A identificação da bilirrubina redutase, através de análises bioquímicas e genômica comparativa, permitiu aos pesquisadores elaborarem o perfil da sua abundância em 7.960 metagenomas, mostrando que a redução da bilirrubina é uma característica central de um microbioma humano adulto saudável. Entretanto, sua prevalência é menor em neonatos e indivíduos com doença inflamatória intestinal (DII).

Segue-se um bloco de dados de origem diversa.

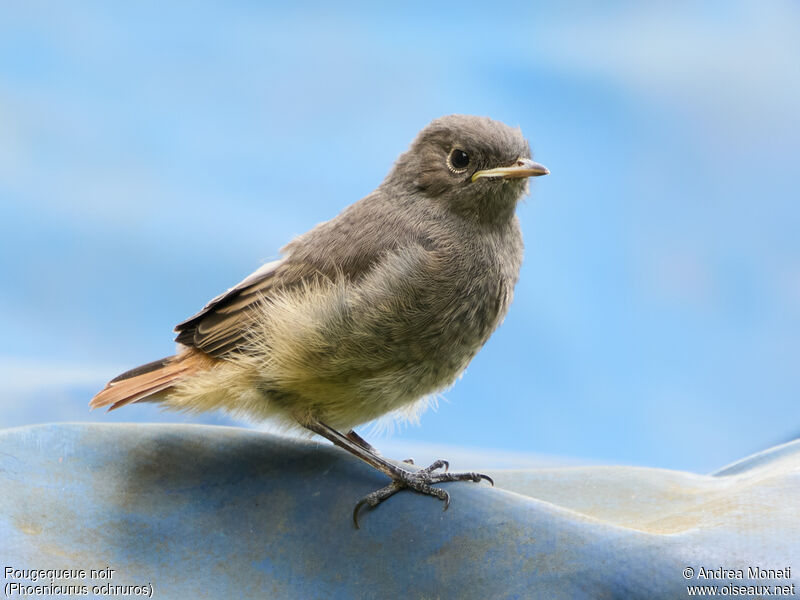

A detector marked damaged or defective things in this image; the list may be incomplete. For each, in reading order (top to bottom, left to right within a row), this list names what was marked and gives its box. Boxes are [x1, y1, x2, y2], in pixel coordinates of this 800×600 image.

orange-rust tail [90, 350, 211, 410] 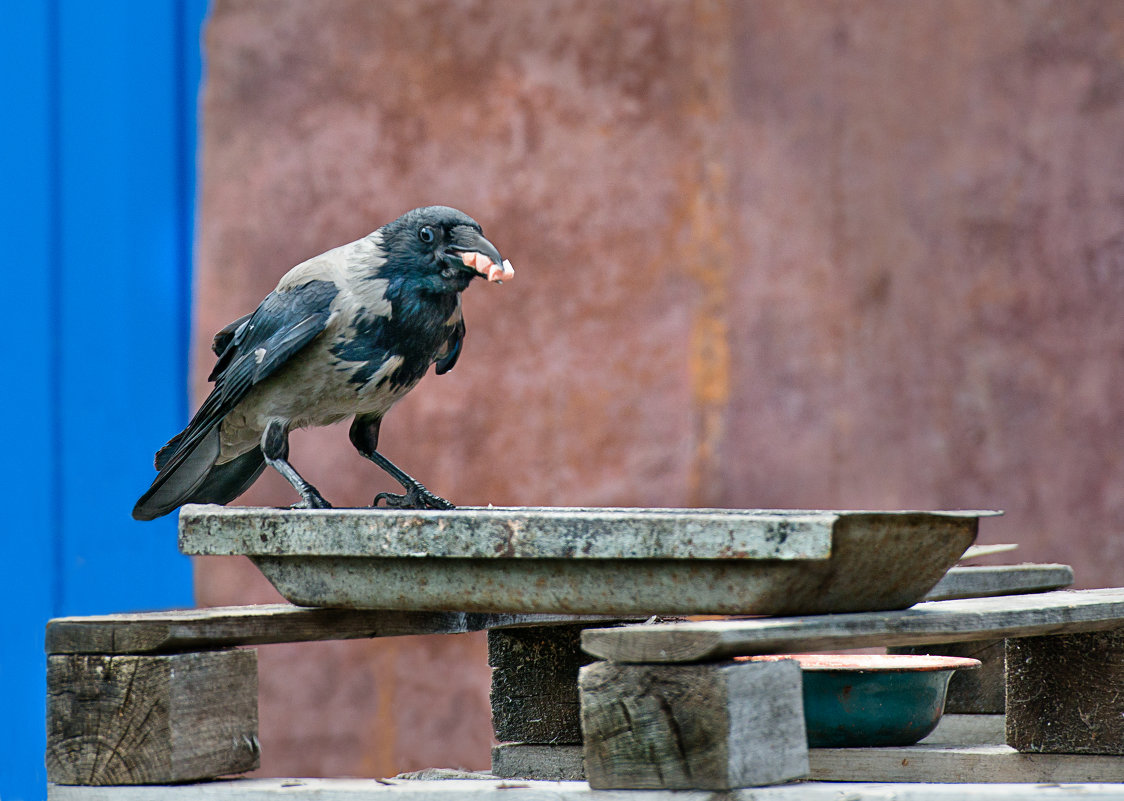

“Embora a descoberta da BilR seja fundamental na compreensão das etapas relevantes para a saúde da excreção da heme, há aspectos adicionais do caminho que pedem esclarecimento”, afirmam os autores. Além disso, há um passo adicional na via de refluxo da redução da bilirrubina realizada pelo microbioma intestinal, no qual a enzima ainda é desconhecida: a redução do urobilinogênio em estercobilinogênio. Semelhante à bilirrubina, o urobilinogênio pode servir como um aceptor terminal de elétrons para microrganismos que codificam essas redutases, possibilitando uma vantagem competitiva no ambiente anaeróbico do intestino.
Icterícia e DII
Vários fatores relacionados ao hospedeiro e ao microbioma contribuem para o desenvolvimento da icterícia. Uma das possibilidades, de acordo com os autores do estudo, é que a bilirrubina redutase está frequentemente ausente em bebês. “Isso apoia a hipótese de que a icterícia neonatal é exacerbada pela ausência ou baixa abundância de microrganismos redutores de bilirrubina no intestino”, observam. Entretanto, novos estudos de coorte com bebês são necessários para medir simultaneamente a bilirrubina sérica, os urobilinoides fecais e a abundância absoluta de bactérias redutoras de bilirrubina para desvendar os seus papéis nesta doença.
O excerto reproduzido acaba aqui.